While the Hershey area and nearby capital of Harrisburg lean blue, it’s just a stone’s throw from many of the reddest areas in the state that are considered Trump territory.
Trump kicked off his rally with the usual celebration of the crowd size, chiding Hillary Clinton as her campaign simultaneously hosted a concert with music superstars Jay Z and Beyoncé.
“We set a new record for this building,” he said. “And by the way, I didn’t have to bring J. Lo [Jennifer Lopez] or Jay Z, the only way she gets anybody. I’m here all by myself.”
His speech came almost exactly four nights before the polls will close on Election Day and largely echoed that of his stump speeches over the past few days. He has recently tried to hem closely to script in order to limit the missteps that have threatened to derail his campaign.
He hammered Clinton for the swirling rumors surrounding the FBI’s investigation into her email, blasted her foreign policy and hemmed to his border-patrol hard line that’s become the centerpiece of his campaign.
“They are killing innocent Americans, threatening schools, and totally destroying communities,” Trump said of those in America illegally. “Thousands of Americans would be alive today if not for the open border policies of Obama and Clinton.”
Despite railing recently on the Democratic enclaves of Philadelphia, casting doubts on the integrity of the vote in the city, Trump predicted he could do well there.
“I really believe I’m going to do well in Philadelphia because I went to school there,” he said there, a reference to his time at the University of Pennsylvania.
“Don’t disappoint me, Philadelphia.”
He leaned heavily on his populist themes during his rally, declaring an end to the “theft of American prosperity.”
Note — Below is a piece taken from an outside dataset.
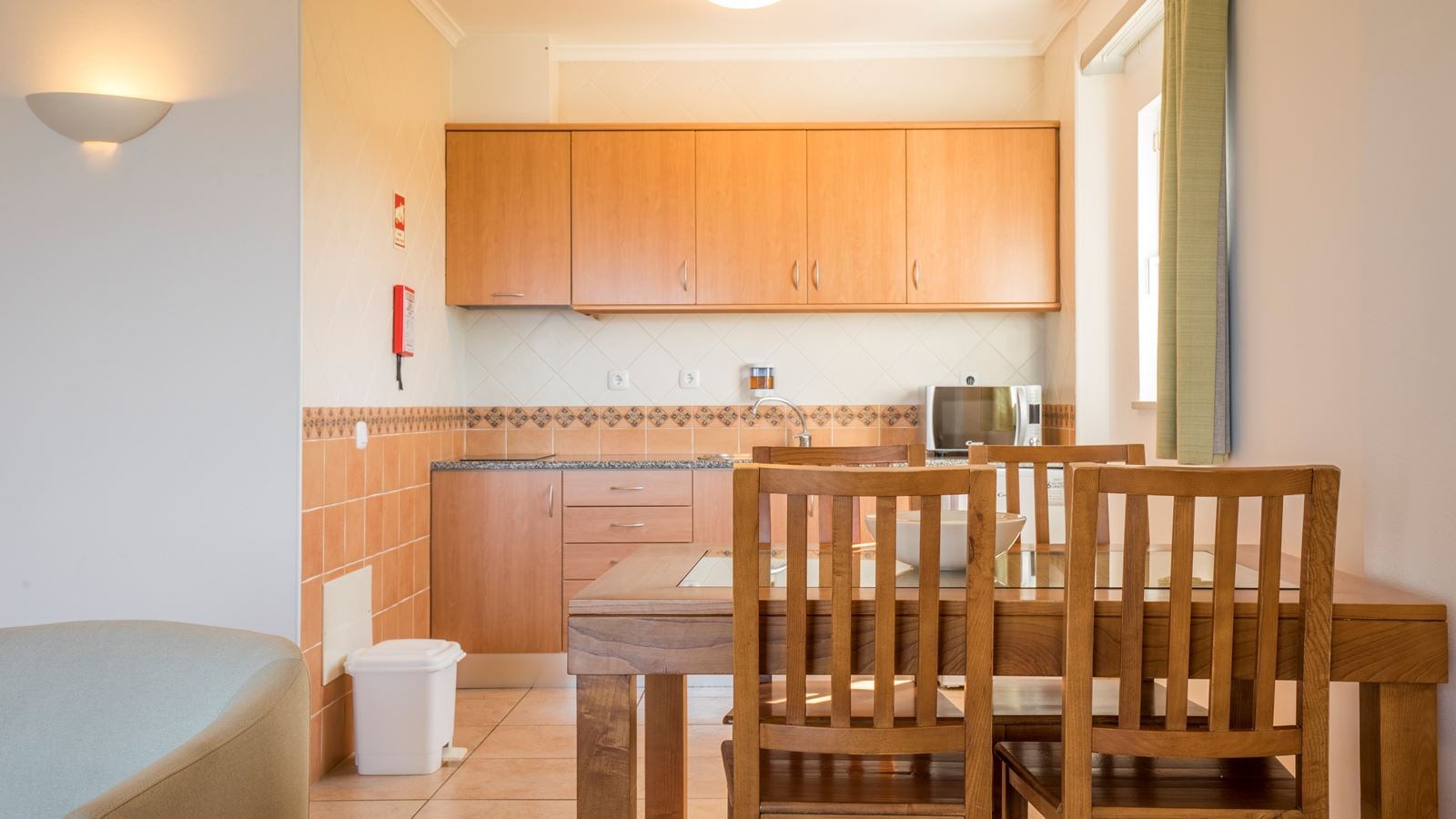 rooms-a1--1-bedroom-apartment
“If a company wants to fire their workers, leave Pennsylvania, move to another country like Mexico, which is taking so many of our companies, and then ship their products back into our United States, where we will soon have a strong and very powerful border, we will make them pay a 35 percent tariff,” he added, a line that defines his protectionist trade agenda.
He took some swings at Clinton, accusing her of pretending to study for the earlier presidential debates when she actually just needed rest.
“That was just an excuse for her to rest and go to sleep, believe me,” he said of her debate prep.
Pennsylvania is a crucial state for Trump’s path to the White House — a victory in the state would likely come largely on the backs of the industrial vote there that would not only deliver him a much-needed 20 electoral votes, but would also be a harbinger of good fortune in the similarly composed swing state of Ohio.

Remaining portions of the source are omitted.